The force measuring mechanism 40 includes a first driving device 41, a pressure sensor 42 and at least one detection probe 43. The pressure sensor 42 and the detection probe 43 are connected to the first driving device 41. The first driving device 41 drives the pressure sensor 42 and the detection probe 43 to slide relative to the base 10 along the height direction of the tester 100. The pressure sensor 42 is used to detect the elastic force of the probe type connector.

The resistor disk 200 is electrically connected to the tester 100, and is used to measure the impedance and current of the probe type connector between the detection probe 43 and the placement board 30. The power supply 300 is electrically connected to the tester 100. The host computer 400 is electrically connected to the tester 100, the resistor disk 200 and the power supply 300.

In the probe connector performance testing device 1000 of the embodiment of the present application, by controlling the detection probe 43 to move and press down the probe connector to be tested to measure the elastic force of the probe connector, the power supply 300 and the resistor disk 200 are connected to the probe connector to be tested, thereby enabling the measurement of the current and impedance of the probe connector. The present application completes the three test items of elastic force, current and resistance that were originally tested at at least two workstations at one workstation, thereby shortening the detection time of at least one probe connector and improving the detection rate.

It should be noted that in this application, for the convenience of writing, the height direction of the tester 100 is defined as the Z-axis direction, the width direction of the tester 100 is defined as the Y-axis direction, and the length direction of the tester 100 is defined as the X-axis direction.

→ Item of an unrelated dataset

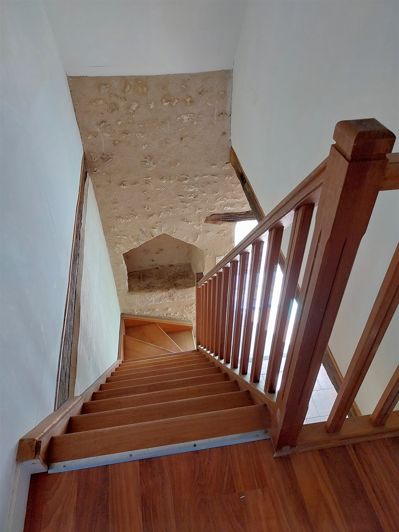 Image No.6-7 Bed House for sale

Specifically, the detection principle of the probe connector performance detection device 1000 is to electrically connect the positive and negative electrodes of the power supply 300 to the resistor disk 200 through two wires respectively, and the resistor disk 200 is electrically connected to the detection probe 43 through one wire, and then electrically connected to the placement board 30 through another wire. The probe connector is placed on the placement board 30 through the accommodating groove 301, and the first driving device 41 drives the detection probe 43 to move along the Z-axis direction toward the placement board 30 until the detection probe 43 abuts against the side of the probe connector to be tested away from the placement board 30 to apply an elastic force to the probe connector, and the pressure sensor 42 connected to the detection probe 43 can detect the magnitude of the elastic force. At the same time, the power supply 300 is connected to the resistor disk 200, and the resistor disk 200 is electrically connected to the detection probe 43 and the placement plate 30. When the detection probe 43 moves along the Z-axis direction and contacts the probe connector to be tested, the power supply 300, the resistor disk 200 and the probe connector to be tested are turned on. The current and resistance of the probe connector to be tested can be detected through the detection circuit of the resistor box. The measured elastic force value, working current and resistance value of the probe connector can be output to the host computer 400 software module for display.

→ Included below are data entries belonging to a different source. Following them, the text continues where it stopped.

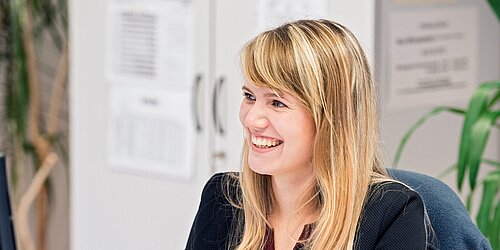 Hero: RVT Careers  |  RVT Karriere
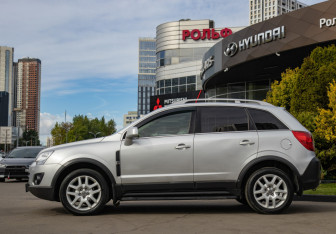 Подержанный автомобиль Opel Antara 2012 года (6 фото)
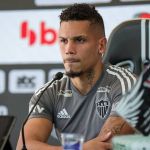 Paulinho revela admiração por três jogadores que atuam no futebol brasileiro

The user can judge whether the probe connector meets the design according to the obtained elastic force value, working current and resistance value of the probe connector, that is, to ensure whether the probe connector can be stable and reliable during operation. The above values can also be used to predict the life of the probe connector, and estimate how many times the probe connector can be used normally.

Please refer to FIG. 1 . In some embodiments, the number of the receiving slot 301 can be one, the number of the detection probe 43 can also be one, and the receiving slot 301 and the detection probe 43 are aligned along the Z-axis direction. In this way, when the number of probe-type connectors to be tested is small, each probe-type connector to be tested can be placed in the receiving slot 301 in turn to test the elastic force value, working current and resistance value, and the test items that were originally tested at at least two stations can be completed at one station, which shortens the detection time of a single probe-type connector and improves the detection rate.

In some embodiments, there are multiple probe connectors to be tested, accommodating slots 301, and detection probes 43, wherein the number of detection probes 43 is less than the number of probe connectors to be tested and accommodating slots 301, and the number of probe connectors to be tested inserted into accommodating slots 301 may be less than or equal to the number of accommodating slots 301. In this way, when there are a large number of probe connectors to be tested and a small number of detection probes 43, a small number of detection probes 43 can be used to perform elastic force, current, and impedance tests on a large number of probe connectors to be tested in batches, thereby reducing the time for loading and thus improving the detection rate.

It is understandable that when the number of the detection probes 43 is less than the number of the probe connectors to be tested and the accommodating groove 301, the probe connectors to be tested on the accommodating groove 301 can be divided into a first group and a second group. Along the Z-axis direction, the probe connectors to be tested aligned with the detection probe 43 group are the first group, and the remaining probe connectors to be tested are the second group. The probe connector performance detection device 1000 can also include a motion component. The motion component is connected to the placement plate 30 or the first drive device 41, and the motion component is used to drive the placement plate 30 or the pressure sensor 42 and the detection probe 43 to move in the plane formed by the X-axis direction and the Y-axis direction. When detecting the first group of probe connectors, the detection probe 43 is driven by the first drive device 41 to move in the direction close to the placement plate 30 along the Z-axis direction so that the detection probe 43 applies an elastic force to the probe connector, and while measuring the elastic force, the impedance and current of each probe connector in the first group can also be measured.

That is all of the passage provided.